Duyusal algı, duyusal uyaranların yorumlanmasını ve bu yorumun dünya ile etkileşim için bir temel olarak kullanılmasını içerir. Duyusal ayrımcılık terimi, iki uyaranı birbirinden ayırt etme yeteneğini ifade eder.
Bu nispeten basit bir tanım olsa da, ayırt etme yeteneği, deneyim, psikolojik durum ve çevreye dayalı olarak değişebilen karmaşık bir nörolojik işlevdir. Tüm duyu sistemlerindeki ayırt etmede doğruluk ve verimlilik, bireyin uzayda hareket etme, çevredeki nesnelerle etkin bir şekilde etkileşim kurma ve okuma, yemek yeme ve giyinme gibi temel günlük işleri gerçekleştirmesine katkıda bulunur. Duyusal ayrımcılığın rolü, davranışa göre karar vermeyi destekleyen çevresel girdiler hakkında hızlı kararlar vermemizi sağlamaktır. Herhangi bir duyusal sistemdeki veya duyusal sistemler arasındaki duyuları, ayırt etme yeteneğindeki bir eksiklik, günlük yaşam aktivitelerine katılıma engel teşkil edecek seviyede ise duyusal ayrım bozukluğu olarak kabul edilebilir.

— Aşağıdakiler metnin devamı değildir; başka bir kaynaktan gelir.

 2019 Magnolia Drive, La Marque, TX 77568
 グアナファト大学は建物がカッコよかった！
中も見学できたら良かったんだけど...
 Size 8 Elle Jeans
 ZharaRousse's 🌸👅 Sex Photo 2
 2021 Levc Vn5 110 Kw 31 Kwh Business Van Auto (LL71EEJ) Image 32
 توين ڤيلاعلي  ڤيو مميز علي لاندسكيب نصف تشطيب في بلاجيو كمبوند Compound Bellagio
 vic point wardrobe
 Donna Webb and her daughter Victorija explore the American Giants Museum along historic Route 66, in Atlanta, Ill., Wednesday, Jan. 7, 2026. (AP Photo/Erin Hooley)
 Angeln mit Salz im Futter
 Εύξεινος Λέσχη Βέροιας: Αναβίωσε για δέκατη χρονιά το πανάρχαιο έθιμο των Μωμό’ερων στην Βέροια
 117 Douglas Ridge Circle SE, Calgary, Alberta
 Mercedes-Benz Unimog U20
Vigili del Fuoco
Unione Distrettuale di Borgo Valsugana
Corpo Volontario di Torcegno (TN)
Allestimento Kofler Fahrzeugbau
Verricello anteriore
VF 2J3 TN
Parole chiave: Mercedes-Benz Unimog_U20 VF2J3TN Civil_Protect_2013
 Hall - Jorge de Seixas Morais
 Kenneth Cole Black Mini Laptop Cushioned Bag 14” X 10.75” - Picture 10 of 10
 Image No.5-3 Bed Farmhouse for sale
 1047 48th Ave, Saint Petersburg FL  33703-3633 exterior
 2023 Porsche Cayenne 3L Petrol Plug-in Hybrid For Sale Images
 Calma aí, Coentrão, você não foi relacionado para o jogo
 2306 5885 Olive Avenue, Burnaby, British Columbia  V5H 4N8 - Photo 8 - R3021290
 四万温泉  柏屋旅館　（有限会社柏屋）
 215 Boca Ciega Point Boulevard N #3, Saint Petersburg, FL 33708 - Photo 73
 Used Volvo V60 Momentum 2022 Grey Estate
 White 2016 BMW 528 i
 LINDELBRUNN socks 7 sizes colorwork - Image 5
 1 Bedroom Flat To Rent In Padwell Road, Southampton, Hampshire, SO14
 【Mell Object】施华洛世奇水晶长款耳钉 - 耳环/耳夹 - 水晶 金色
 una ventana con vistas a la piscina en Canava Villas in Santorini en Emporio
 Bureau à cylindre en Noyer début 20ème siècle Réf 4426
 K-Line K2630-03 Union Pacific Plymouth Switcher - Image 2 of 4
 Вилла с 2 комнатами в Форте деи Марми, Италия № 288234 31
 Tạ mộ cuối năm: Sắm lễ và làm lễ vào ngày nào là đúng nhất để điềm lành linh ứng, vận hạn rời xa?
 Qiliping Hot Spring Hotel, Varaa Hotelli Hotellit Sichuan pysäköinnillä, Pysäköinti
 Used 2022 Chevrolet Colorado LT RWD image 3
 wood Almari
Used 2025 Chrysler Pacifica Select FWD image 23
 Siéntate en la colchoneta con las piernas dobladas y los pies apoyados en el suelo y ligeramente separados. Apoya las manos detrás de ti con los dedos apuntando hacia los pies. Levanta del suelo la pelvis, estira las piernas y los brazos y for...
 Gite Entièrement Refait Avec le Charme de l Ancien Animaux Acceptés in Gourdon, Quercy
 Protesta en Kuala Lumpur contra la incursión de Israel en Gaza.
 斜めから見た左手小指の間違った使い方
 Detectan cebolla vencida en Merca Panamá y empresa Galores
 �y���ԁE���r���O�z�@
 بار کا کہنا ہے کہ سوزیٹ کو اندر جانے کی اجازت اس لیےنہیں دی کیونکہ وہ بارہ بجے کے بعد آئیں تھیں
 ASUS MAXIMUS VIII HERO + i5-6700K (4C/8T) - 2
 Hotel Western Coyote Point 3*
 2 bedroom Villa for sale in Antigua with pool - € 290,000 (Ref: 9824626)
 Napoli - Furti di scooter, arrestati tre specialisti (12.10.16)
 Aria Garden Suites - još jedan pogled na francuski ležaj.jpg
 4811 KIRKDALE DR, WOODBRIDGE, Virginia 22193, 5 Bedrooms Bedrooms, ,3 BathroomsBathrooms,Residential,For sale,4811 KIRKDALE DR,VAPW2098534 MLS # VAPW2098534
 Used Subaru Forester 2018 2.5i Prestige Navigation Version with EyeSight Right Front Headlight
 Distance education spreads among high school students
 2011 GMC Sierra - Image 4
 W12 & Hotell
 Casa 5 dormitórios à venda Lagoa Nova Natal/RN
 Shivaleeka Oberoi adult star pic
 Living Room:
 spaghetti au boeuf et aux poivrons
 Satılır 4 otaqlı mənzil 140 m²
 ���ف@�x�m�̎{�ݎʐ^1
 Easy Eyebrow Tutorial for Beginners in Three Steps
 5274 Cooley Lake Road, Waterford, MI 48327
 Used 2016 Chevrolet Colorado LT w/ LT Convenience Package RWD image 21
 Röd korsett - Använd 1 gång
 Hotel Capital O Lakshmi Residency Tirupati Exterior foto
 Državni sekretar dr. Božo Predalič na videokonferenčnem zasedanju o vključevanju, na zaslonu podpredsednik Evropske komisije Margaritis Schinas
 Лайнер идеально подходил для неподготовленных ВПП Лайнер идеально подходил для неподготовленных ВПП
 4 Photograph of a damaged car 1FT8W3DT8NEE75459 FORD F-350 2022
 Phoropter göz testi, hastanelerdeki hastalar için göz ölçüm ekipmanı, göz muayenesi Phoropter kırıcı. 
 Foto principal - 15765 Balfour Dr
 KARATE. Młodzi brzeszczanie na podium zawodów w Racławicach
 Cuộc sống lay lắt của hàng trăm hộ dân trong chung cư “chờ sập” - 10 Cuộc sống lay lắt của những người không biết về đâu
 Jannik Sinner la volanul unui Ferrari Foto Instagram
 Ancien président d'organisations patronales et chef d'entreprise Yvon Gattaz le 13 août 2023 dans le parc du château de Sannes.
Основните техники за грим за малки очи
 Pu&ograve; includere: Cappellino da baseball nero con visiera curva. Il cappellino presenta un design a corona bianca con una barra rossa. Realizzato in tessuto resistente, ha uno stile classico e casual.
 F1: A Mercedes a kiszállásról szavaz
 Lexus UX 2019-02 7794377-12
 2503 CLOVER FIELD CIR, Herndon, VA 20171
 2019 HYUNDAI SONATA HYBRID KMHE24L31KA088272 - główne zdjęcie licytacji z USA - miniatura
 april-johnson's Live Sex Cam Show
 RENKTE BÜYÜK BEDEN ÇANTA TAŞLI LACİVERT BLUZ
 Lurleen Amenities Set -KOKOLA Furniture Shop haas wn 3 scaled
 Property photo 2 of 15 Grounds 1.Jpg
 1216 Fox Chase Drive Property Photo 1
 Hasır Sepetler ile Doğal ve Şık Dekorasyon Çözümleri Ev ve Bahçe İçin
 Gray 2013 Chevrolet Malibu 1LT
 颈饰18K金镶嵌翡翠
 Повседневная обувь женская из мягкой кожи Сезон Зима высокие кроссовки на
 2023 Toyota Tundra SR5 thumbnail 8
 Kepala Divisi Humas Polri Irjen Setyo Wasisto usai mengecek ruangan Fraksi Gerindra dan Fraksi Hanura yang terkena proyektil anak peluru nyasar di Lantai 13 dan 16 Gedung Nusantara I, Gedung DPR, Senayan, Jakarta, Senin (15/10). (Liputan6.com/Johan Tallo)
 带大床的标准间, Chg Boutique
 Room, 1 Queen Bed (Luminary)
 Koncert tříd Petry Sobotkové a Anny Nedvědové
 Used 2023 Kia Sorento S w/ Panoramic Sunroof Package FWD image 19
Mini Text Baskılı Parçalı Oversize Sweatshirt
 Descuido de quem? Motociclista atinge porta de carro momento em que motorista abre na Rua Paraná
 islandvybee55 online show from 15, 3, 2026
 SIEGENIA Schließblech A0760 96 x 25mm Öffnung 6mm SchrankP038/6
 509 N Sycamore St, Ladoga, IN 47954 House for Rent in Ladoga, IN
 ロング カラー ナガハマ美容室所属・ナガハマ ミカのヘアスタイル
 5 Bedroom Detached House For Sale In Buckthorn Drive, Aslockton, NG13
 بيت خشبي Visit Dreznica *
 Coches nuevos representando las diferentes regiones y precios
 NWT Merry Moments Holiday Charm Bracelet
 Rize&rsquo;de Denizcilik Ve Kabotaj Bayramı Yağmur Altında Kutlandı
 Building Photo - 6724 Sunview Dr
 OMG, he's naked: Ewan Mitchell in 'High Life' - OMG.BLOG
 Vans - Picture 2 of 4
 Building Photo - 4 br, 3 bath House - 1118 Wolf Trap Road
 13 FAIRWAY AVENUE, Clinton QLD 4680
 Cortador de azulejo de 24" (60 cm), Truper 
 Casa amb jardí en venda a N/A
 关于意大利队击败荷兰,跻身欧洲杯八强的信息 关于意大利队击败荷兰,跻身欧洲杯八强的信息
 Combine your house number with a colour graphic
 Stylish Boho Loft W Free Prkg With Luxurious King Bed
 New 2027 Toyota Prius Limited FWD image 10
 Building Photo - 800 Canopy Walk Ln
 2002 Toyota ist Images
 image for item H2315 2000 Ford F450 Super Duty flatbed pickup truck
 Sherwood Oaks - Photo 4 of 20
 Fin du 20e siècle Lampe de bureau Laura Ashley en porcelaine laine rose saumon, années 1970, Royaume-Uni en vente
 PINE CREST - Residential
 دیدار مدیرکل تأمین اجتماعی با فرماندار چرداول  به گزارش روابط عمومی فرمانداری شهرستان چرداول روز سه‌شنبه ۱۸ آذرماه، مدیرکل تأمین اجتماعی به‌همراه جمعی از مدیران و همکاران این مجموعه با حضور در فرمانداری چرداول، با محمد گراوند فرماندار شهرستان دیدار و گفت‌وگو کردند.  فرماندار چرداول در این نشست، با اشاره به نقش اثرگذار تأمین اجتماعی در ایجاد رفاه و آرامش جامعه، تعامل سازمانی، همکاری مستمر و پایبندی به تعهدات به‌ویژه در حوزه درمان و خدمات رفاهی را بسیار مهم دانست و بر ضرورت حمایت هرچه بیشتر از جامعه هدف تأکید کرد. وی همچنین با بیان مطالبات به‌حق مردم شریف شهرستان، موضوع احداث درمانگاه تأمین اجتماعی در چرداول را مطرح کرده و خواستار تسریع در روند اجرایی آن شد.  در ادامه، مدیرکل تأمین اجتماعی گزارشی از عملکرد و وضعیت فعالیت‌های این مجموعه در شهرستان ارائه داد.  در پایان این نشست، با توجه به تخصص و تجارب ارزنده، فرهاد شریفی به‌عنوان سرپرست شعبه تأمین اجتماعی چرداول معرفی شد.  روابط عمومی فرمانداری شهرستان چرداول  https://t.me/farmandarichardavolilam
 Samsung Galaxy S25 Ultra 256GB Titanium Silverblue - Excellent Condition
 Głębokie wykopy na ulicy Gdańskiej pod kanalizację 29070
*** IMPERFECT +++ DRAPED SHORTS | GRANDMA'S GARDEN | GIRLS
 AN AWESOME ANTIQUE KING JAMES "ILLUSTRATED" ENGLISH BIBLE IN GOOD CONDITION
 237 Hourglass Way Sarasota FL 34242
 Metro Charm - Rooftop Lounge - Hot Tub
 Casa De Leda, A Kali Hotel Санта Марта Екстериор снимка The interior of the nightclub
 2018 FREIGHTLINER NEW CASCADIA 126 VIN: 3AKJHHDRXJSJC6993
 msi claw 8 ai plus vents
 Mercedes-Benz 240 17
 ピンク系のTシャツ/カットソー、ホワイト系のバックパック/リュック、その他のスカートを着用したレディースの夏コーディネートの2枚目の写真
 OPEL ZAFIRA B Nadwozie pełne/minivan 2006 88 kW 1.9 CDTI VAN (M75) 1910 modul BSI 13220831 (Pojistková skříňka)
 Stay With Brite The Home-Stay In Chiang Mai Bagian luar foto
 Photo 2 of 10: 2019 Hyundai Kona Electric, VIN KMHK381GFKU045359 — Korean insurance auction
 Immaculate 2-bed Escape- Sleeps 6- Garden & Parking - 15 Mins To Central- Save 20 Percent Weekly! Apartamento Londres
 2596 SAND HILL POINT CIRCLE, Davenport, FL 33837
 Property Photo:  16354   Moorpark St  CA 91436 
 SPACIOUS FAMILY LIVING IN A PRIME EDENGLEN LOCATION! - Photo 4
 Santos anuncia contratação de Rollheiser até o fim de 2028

Birçok standartlaştırılmış ayrımcılık değerlendirmesinde, bir denemede iki uyaran sırayla sunulur. İlk uyaranın bıraktığı kısa süreli belleğe karşı bir karşılaştırma veya yargıda bulunulur. Günlük yaşamda, bir duyusal uyaranı tanımlama veya sınıflandırma yeteneği, o uyaranı uzun süreli bellekte depolanan bir referansla karşılaştırmayı gerektirir
Duyusal girdilerin kesin ve verimli bir şekilde ayırt edilmesi, doğru bellek depolaması için bir ön koşul olduğundan, duyusal ayırt etme bozukluğu olan bireyler, yalnızca duyusal geri bildirimi işlemede değil, aynı zamanda karar verme için gerekli olan ileri beslemeli mekanizmalarda ve kullanılan motor komutlarda da zorluk çekebilirler
Ayrımcılığın tüm duyu sistemlerinde (yani işitsel, görsel, tat alma, koku alma, dokunsal, proprioseptif ve vestibüler) meydana geldiğine inanılır, ancak her sistemden alınan doğru duyusal bilgilerin entegrasyonu birçok günlük yaşam becerisi için gereklidir.
Örneğin, hem dokunsal hem de propriyoseptif ayırt etme işlevleri, sürekli bir görsel takip ihtiyacı olmaksızın klavyede yazma veya kalemi yazı için manipüle etme yeteneğine katkıda bulunur. Koku ve tat ayırt etme becerileri, optimal lezzet tanıma için gereklidir ve hangi yiyecekleri yediğimizi belirlemede rol oynar. Uzayda hareket etme yeteneği büyük ölçüde vestibüler, propriyoseptif ve görsel ayırt etme becerilerine bağlıdır.